Neste artigo, descrevemos os métodos, procedimentos e tecnologias necessários para estimar os limiares perceptivos vestibulares usando uma plataforma de movimento de seis graus de liberdade.
Os limiares perceptivos vestibulares referem-se à intensidade do movimento necessária para permitir que um participante detecte ou discrimine um movimento com base na entrada vestibular. Usando perfis de movimento passivo fornecidos por seis plataformas de grau de movimento, os limiares perceptivos vestibulares podem ser estimados para qualquer tipo de movimento e, assim, atingir cada um dos subcomponentes do órgão final vestibular. As avaliações dos limiares vestibulares são clinicamente relevantes, pois complementam ferramentas diagnósticas como a irrigação calórica, o teste de impulso cefálico (TIH) ou os potenciais miogênicos evocados vestibulares (VEMPs), que fornecem apenas informações sobre subcomponentes do sistema vestibular, mas nenhum deles permite avaliar todos os componentes. Existem vários métodos com diferentes vantagens e desvantagens para estimar os limiares perceptivos vestibulares. Neste artigo, apresentamos um protocolo utilizando um algoritmo de escada adaptativa e perfis de movimento sinusoidal para um procedimento de estimação eficiente. Os algoritmos de escada adaptativa consideram a história de resposta para determinar a velocidade de pico dos próximos estímulos e são os algoritmos mais comumente usados no domínio vestibular. Discutimos ainda o impacto da frequência de movimento nos limiares perceptivos vestibulares.
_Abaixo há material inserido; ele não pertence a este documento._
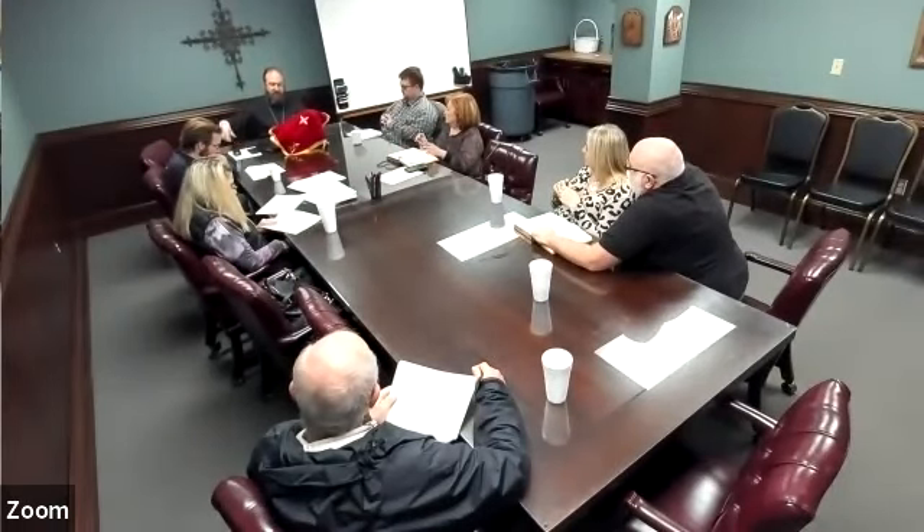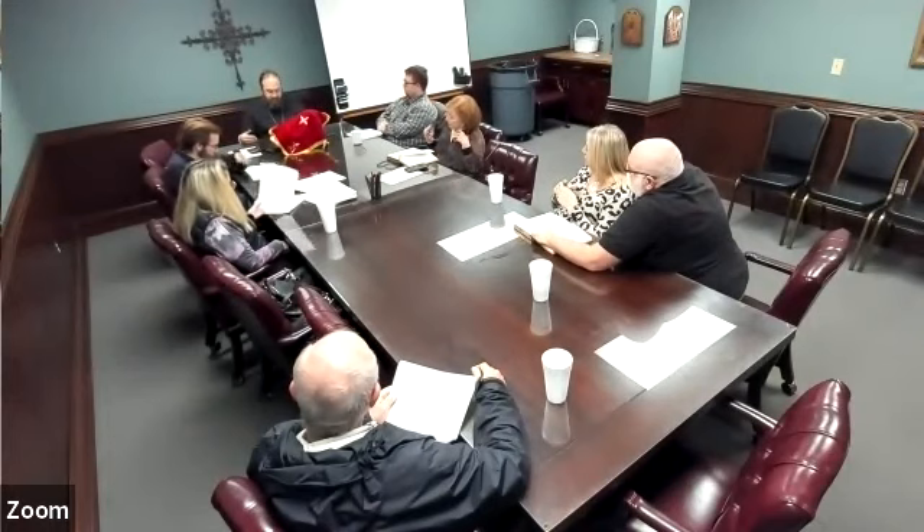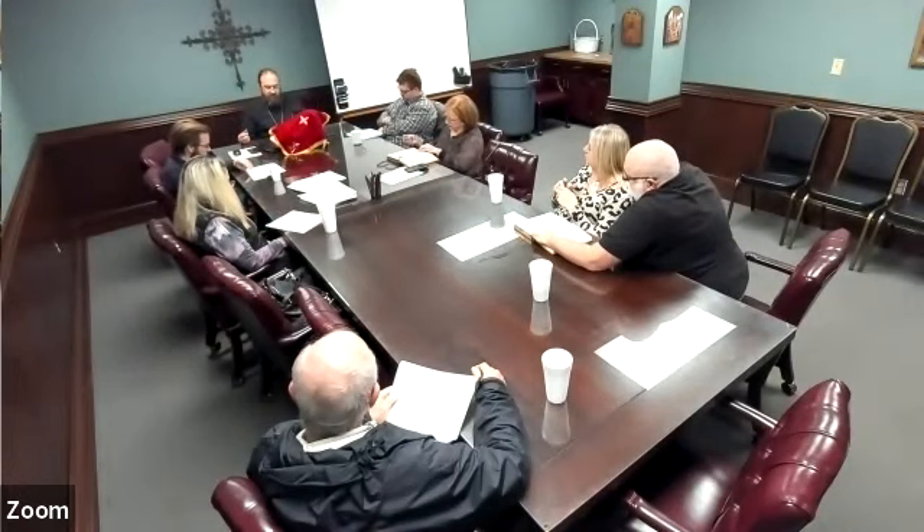As the Apolytikion of the day is being sung, the deacon holds up his orarion and bows his head to the priest, saying, 'It is time for the Lord to act. Holy master, give the blessing.' The priest places his right hand on the deacon's head, saying, 'Blessed is our God, always and ever unto ages of ages, Amen.' Deacon: 'Amen. Pray for me, holy master.' Priest: 'May the Lord direct your steps into every good work.' Deacon: 'Remember me, holy master.' Priest: 'May the Lord God remember you in his kingdom, always now and ever unto ages of ages, Amen.' The priest then bows three times and says in a humble voice, 'Glory to God in the highest, and on earth peace, good will for men.'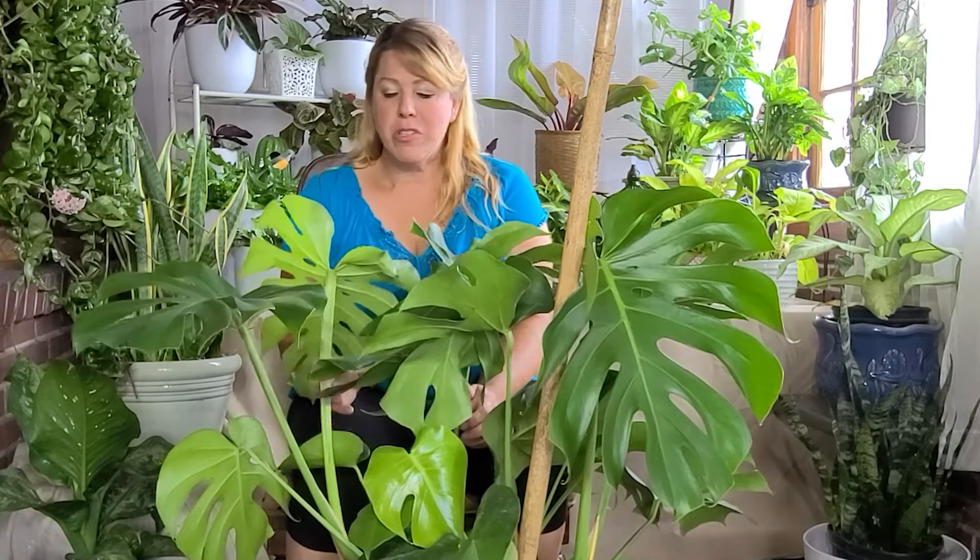Today's topic is Growing Monstera Deliciosa. It's from the tropical rainforest. When you think about tropical rainforest plants, you think about the environment they live in — it's warm, it's humid, and these plants do not grow in direct sunlight most of the time. They're usually an understory plant. They like bright, indirect light. They grow well with medium to high light, but it must be indirect or it will burn the leaves.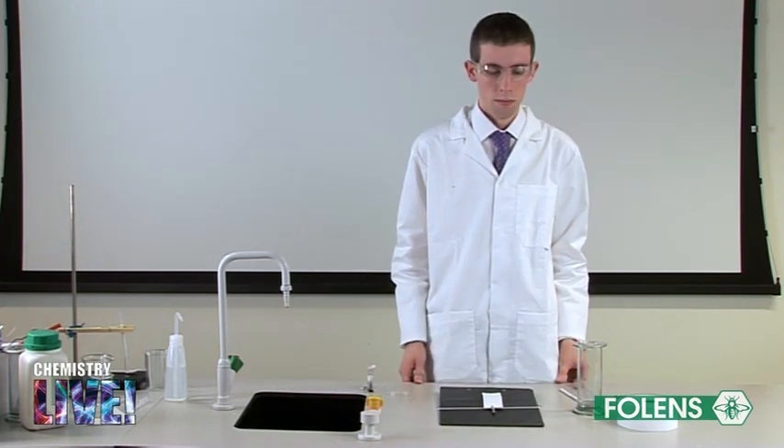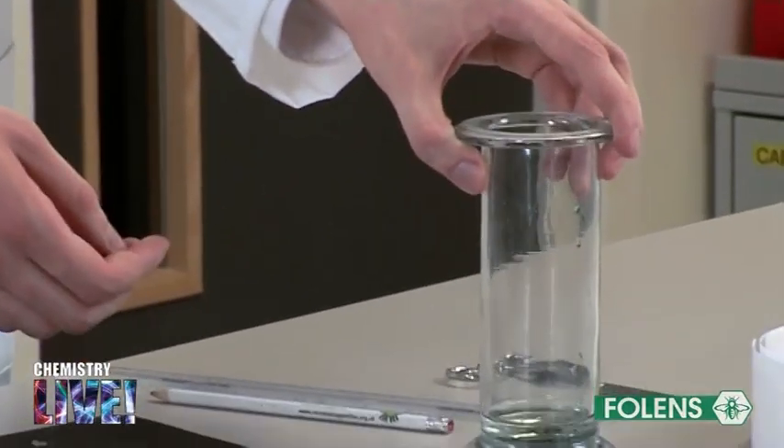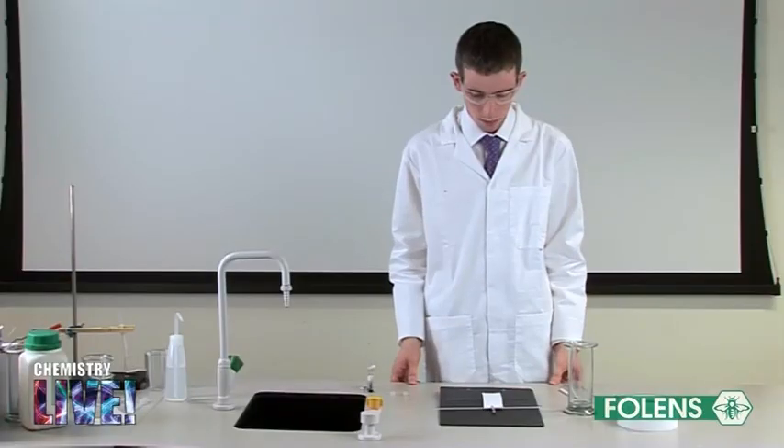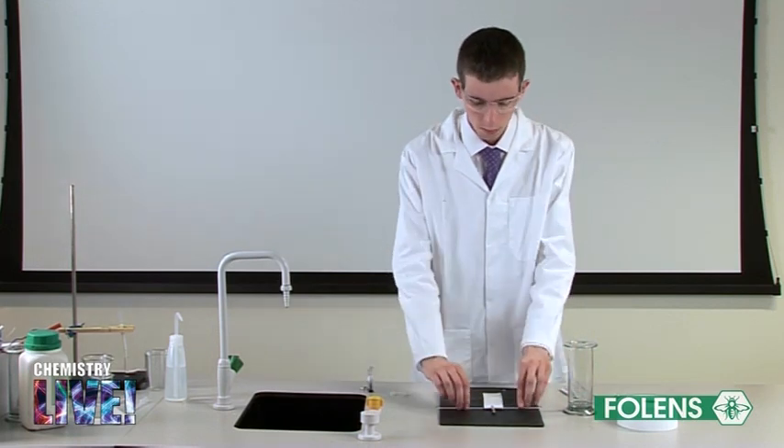Water was poured into the gas jar to a depth of about 1cm. If the samples are marked water insoluble, you will have to use organic solvents. Place the length of chromatography paper in the gas jar as shown.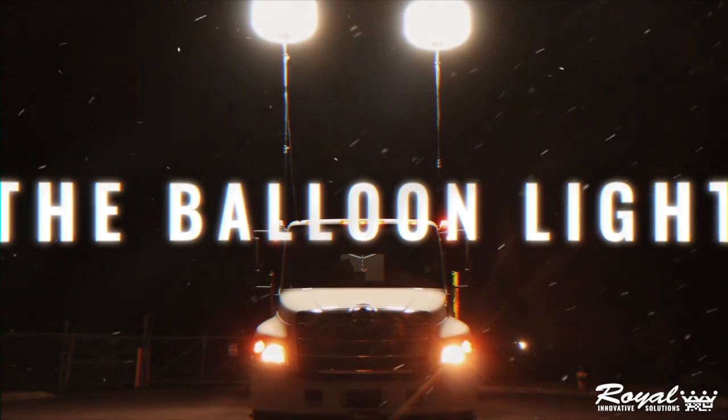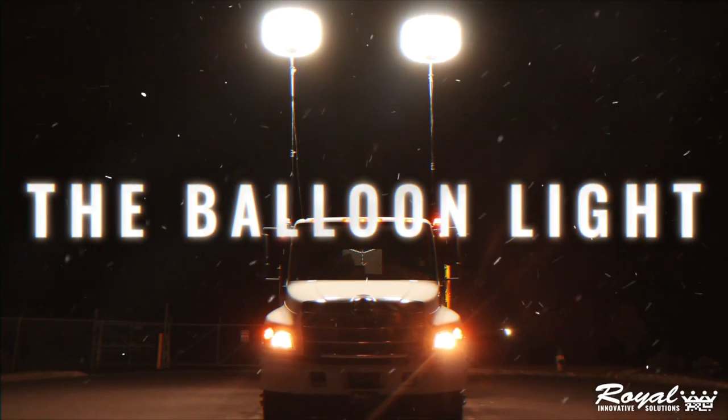Here at Royal, we are introducing the newest lighting solution for your work zones: the balloon light by Airstar.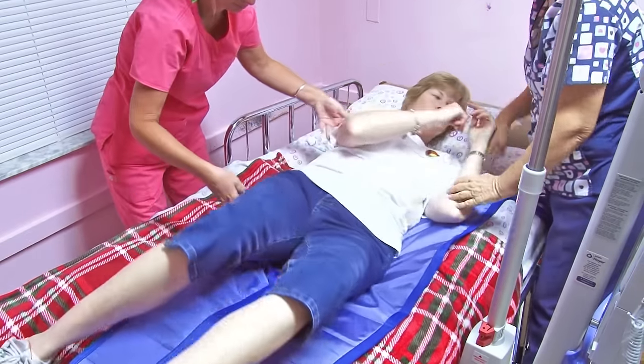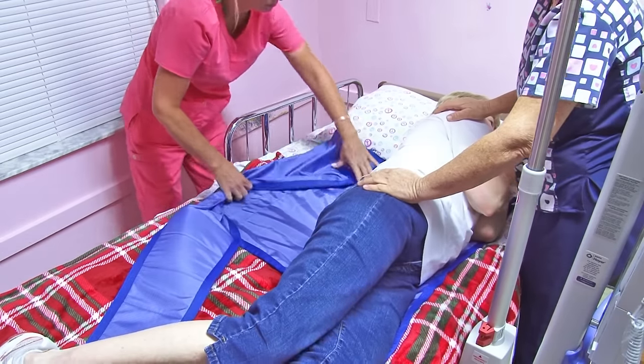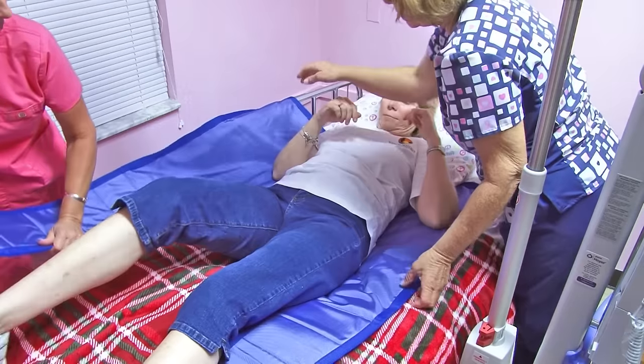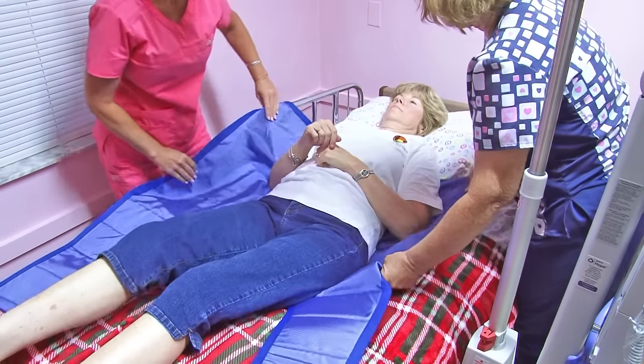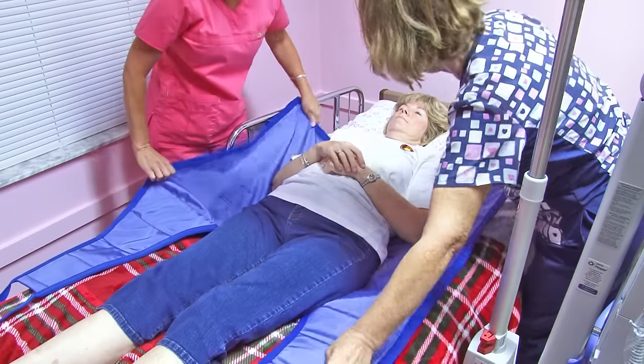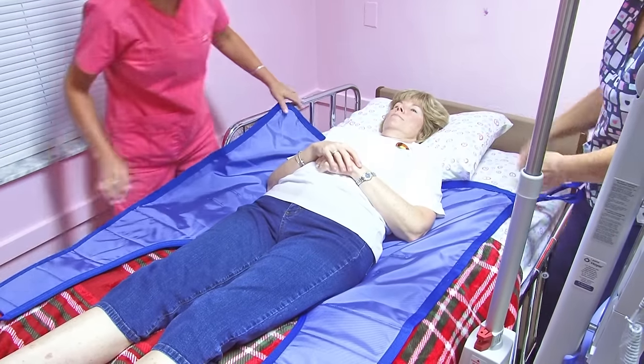Go back. I'll support you while you're that way. There you go. Now the resident is in the center of the sling.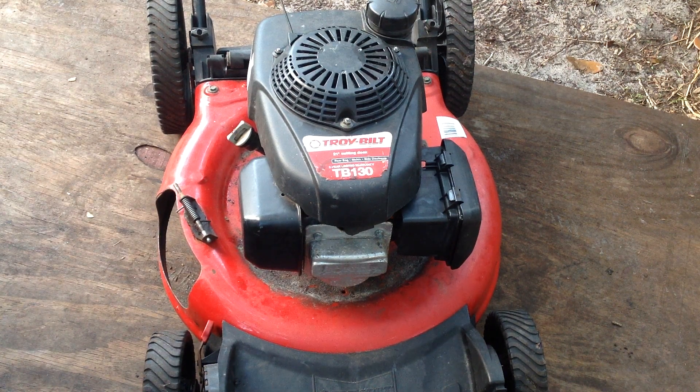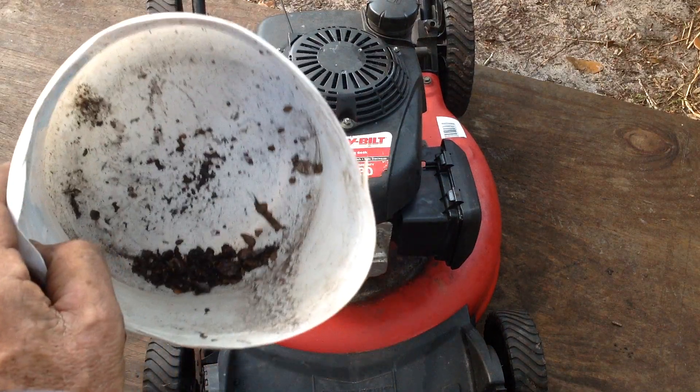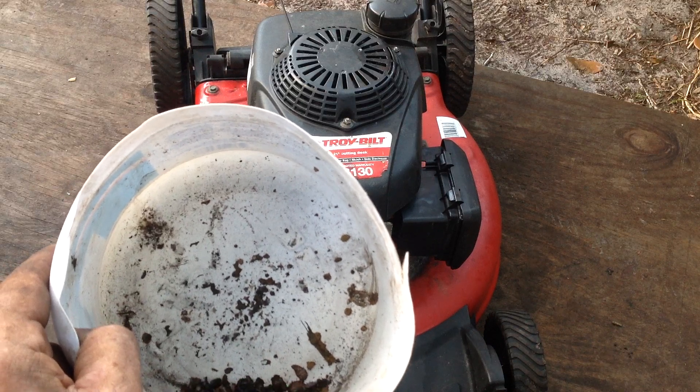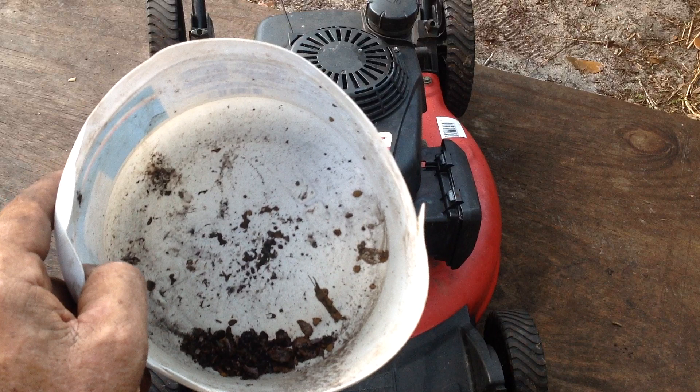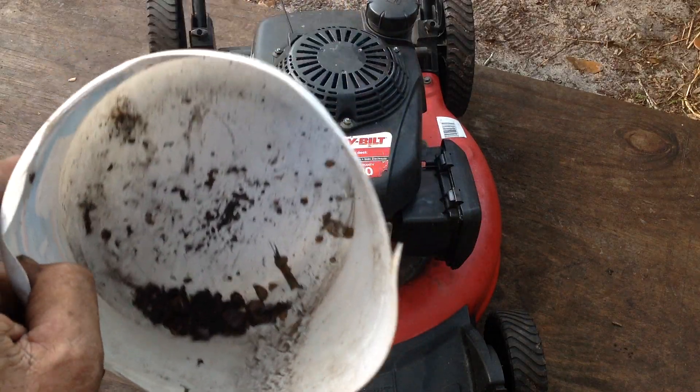Hello kids and cadets, welcome back to Tommy Time. I had been messing around with this Troy-Built TB130 — I picked it up as a non-runner for ten dollars. The carburetor was in rough shape; the fuel bowl was pretty much filled with metal particles. This is what came out of the fuel bowl. It took me quite some time to clean it up. The jets were not in bad shape, so apparently some water got into the fuel bowl and it rusted up quite a bit.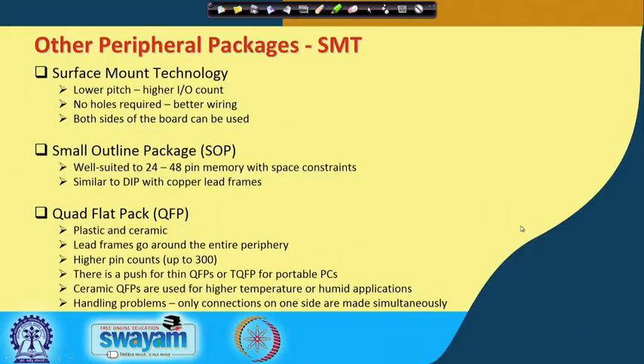What is the peripheral package? In a peripheral package, you have the plastic or ceramic encapsulated chip carrier and the interconnects come out from the periphery — from the sides. So that is a peripheral package.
O órgão final vestibular humano consiste em cinco componentes, cada um otimizado para detectar um componente específico do espectro de movimento natural. Os três canais semicirculares são orientados aproximadamente ortogonais uns aos outros, o que lhes permite detectar rotações da cabeça em torno de três eixos. Os canais são acompanhados por dois órgãos maculares para o registro das acelerações translacionais ao longo do eixo vertical ou no plano horizontal1. Um declínio funcional ou perda em cada um dos cinco componentes pode levar a sintomas graves, como tontura, vertigem, desequilíbrio e aumento do risco de queda2. No entanto, avaliar objetivamente a função de todos os componentes separadamente é uma tarefa trabalhosa e requer múltiplas avaliações3. Por exemplo, o estado do canal horizontal é tipicamente avaliado através da irrigação calórica e do teste de impulso da cabeça (TIH). O padrão-ouro atual para avaliar os órgãos maculares são os potenciais miogênicos evocados vestibulares (VEMPs). Ao combinar várias avaliações, os médicos chegam a uma imagem mais completa do estado vestibular a partir do qual podem derivar opções de diagnóstico e tratamento.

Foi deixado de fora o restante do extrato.